Even More Feng Shui and Architectural Digest (The Silly and the Great)

This isn’t from Architectural Digest, but it illustrates the “opposing couches” problem I mention at the end of this post. Couches across from each other say “opposing viewpoints,” but you can fix that problem with a crystal between them. (Image by Pexels from Pixabay)

This is what happens when you’ve got as many back issues as I’ve still got—but the pile is rapidly dwindling. Let’s start with some silly things, such as this ad I’m looking at for a closet design. There’s what looks to be a big round skylight in the center of the giant closet, and hopefully everyone knows that direct sunlight is going to fade clothes badly, especially anything red (red being the weakest pigment). In the center of the closet is a giant square hassock with a couch scarf casually draped over it. Now a couch scarf on a couch makes sense—the house is a little chilly and instead of turning the heat up, you pull a couch scarf over or around you. But on a hassock in a closet—it looks super weird! Somebody’s just trying to sell couch scarves—as if they were appropriate anywhere—what’s next—couch scarves on breakfast bars?

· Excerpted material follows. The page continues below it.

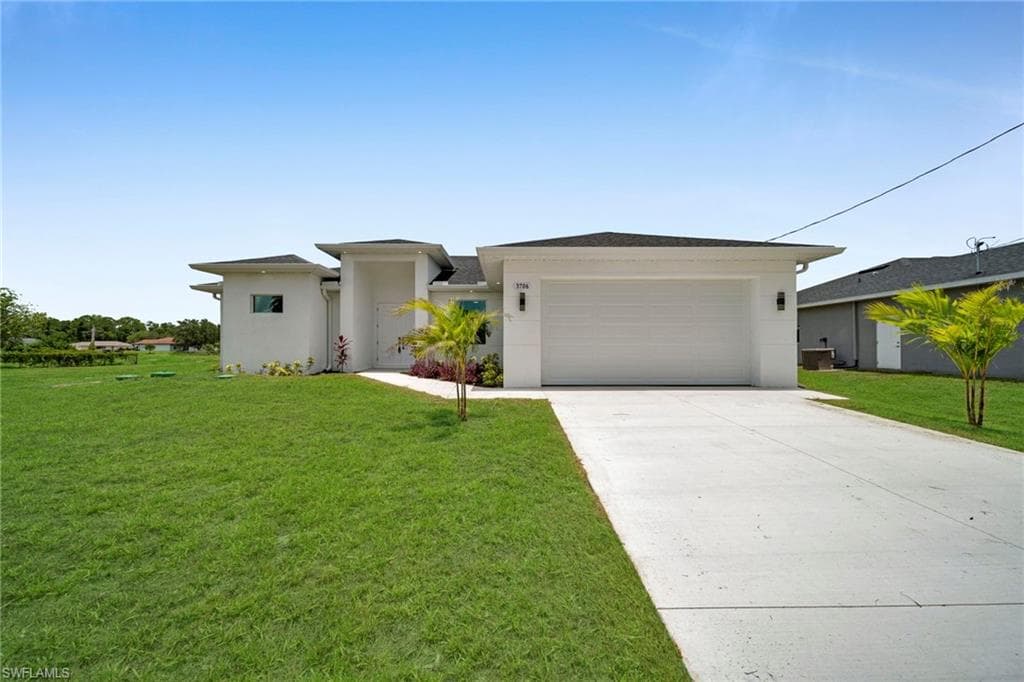 3706 16th ST W LEHIGH ACRES, FL 33971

Another silly thing—somebody’s Arizona house has got a Stark brand carpet on the floor of the billiard room. That sounds all nice and fine—until you look for more than one second, and you realize that the carpet was probably rolled out minutes before the photographer took the picture. All the lines of it being rolled up are still very plain on the carpet. I’m very surprised they printed that picture! You could practically trip on the roll wrinkles. The lesson here (as far as I’m concerned) is that every rug or carpet needs a pad under it. A pad (and five minutes of walking) would have taken all those roll wrinkles out. The most amazing thing about rug pads is that they add hundreds of years to the life of the rug!

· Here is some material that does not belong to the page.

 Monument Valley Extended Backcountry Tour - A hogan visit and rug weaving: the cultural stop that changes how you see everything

The same issue (January 2015) has a great example of good design and good feng shui. There’s a long darkish hall in a “minimalist” NYC apartment. (I put minimalist in quotes because it’s the busiest minimalist space I’ve ever seen—stuff on top of stuff, stuff in front of stuff.) But in the hall, there’s one entire long wall that’s been lacquered to create a mirror effect. The long wall opposite the mirror has eighteen vintage Charlotte Perriand light sconces, and the effect couldn’t be better. That long hall seems spacious and magical!

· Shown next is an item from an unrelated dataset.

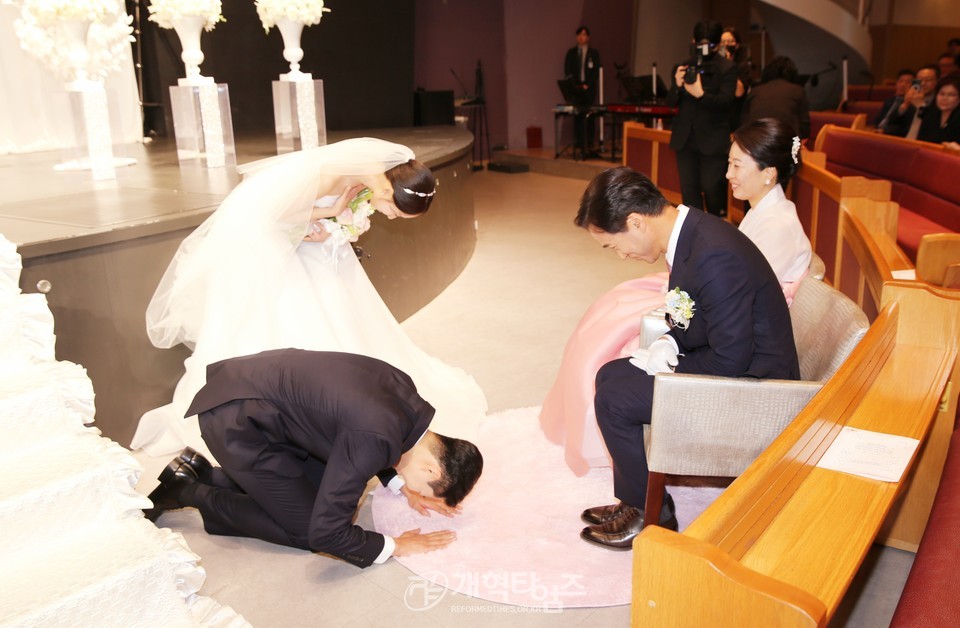 총신대신대원 총동창회장ㆍ중부협 차기회장 김종원목사, 외아들 결혼예식 모습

Let’s go on to a couple more silly things before we end on a positive note. They’re both ads—the first one is for a lounge chair called Lockheed Lounge designed by Marc Newson for a company called Phillips. It’s made up of little pieces of riveted metal—that’s right—the whole chair, and I don’t think I’ve ever seen anything that looked more uncomfortable. Remember my phrase? More dollars than sense! And that same phrase applies to an ad for an orange sofa by Michael Amini. It’s a lovely sofa, but one of the throw pillows (that’s designed to go with it) has a great big AM embroidered on it. I know where I’d throw that pillow!

That same issue (May 2015) has an article with another piece designed  by Charlotte Perriand—a lovely round, black coffee table—placed in the center between two huge half-circle white couches in a London penthouse. When I showed it to my husband, he asked if they had the problem of “a couch directly facing another couch” (which says “opposite points of view—arguments”). I replied, “Yes, it sure does, but wouldn’t a large crystal look great on that table?” And that would be the solution—the crystal symbolizes “dispersing the opposing energy”. (See page 94 & 95 of Feng Shui for Hawaii for more on this topic.)